Canadian-British television series

Bromwell High is an adult animated series about a British high school in South London. It first aired on Teletoon in Canada and Channel 4 in the United Kingdom (incomplete run). It is a co-production between Hat Trick Productions in the UK and Decode Entertainment (currently WildBrain) in Canada. It was originally to be entitled Streatham Hill, but was renamed Bromwell High in January 2005. Streatham Hill is a real London suburb, while Bromwell is fictional.

Subsequent international purchases have seen the show screened in the United States on BBC America, on The Box in the Netherlands, dubbed to Spanish and Portuguese on Cartoon Network's Adult Swim in Latin America, on the ABC in Australia, on TVNZ's TV2 in New Zealand, and also dubbed in Quebecois French for the Canadian Télétoon network.

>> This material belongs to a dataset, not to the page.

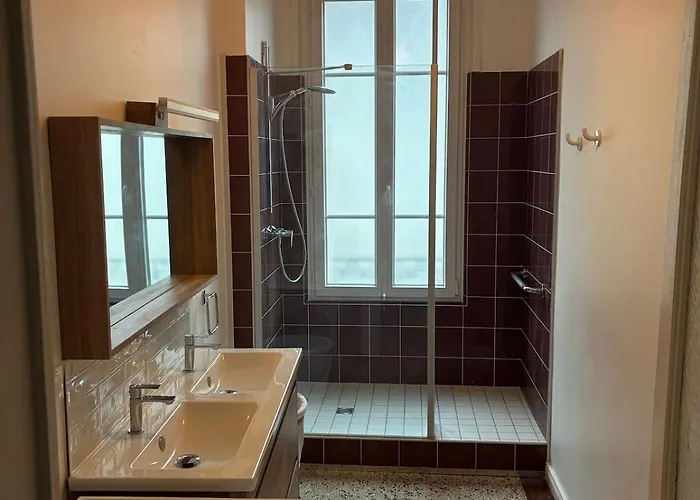 Beautiful 2 Bedroom - Prime Location Реймс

It focuses on three diverse troublemaking teen girls: Keisha, Latrina, and Natella, as they wreak havoc on their impoverished school and its teachers.

The show was designed by David Whittle, who is also responsible for illustrating the popjustice icons series of books.

The show represents a caricatured view of contemporary British society, while "delivering a surreal and outlandish viewing experience." For example, the majority of students at Bromwell High School are immigrant children from the Caribbean and Asia, and some of the male teachers are aging 'chavs'. Many of the characters on the show speak a very poor form of English, including the headmaster, Iqbal. Most of the teachers have an affinity for biscuits (sweets).

Due to the show was intended for both British and Canadian audiences, the characters sometimes use Canadian terms which are different from those heard in Britain. This can sometimes confuse viewers, especially on the occasions when Bromwell is referred to as a "public school"; in Canada, this means a provincial school, open to non-fee paying students, but in the UK, the term refers to a fee-paying, private school which attends the Headmasters' and Headmistresses' Conference. In fact, Bromwell would be correctly termed as a state school in Britain.

There are some other differences between the UK and Canadian versions of the show, notably that the UK version has a longer and slightly different version of the opening credits and theme, and the UK broadcasts were in the 16:9 (widescreen) aspect ratio, while the Canadian versions are cropped to a 4:3 picture.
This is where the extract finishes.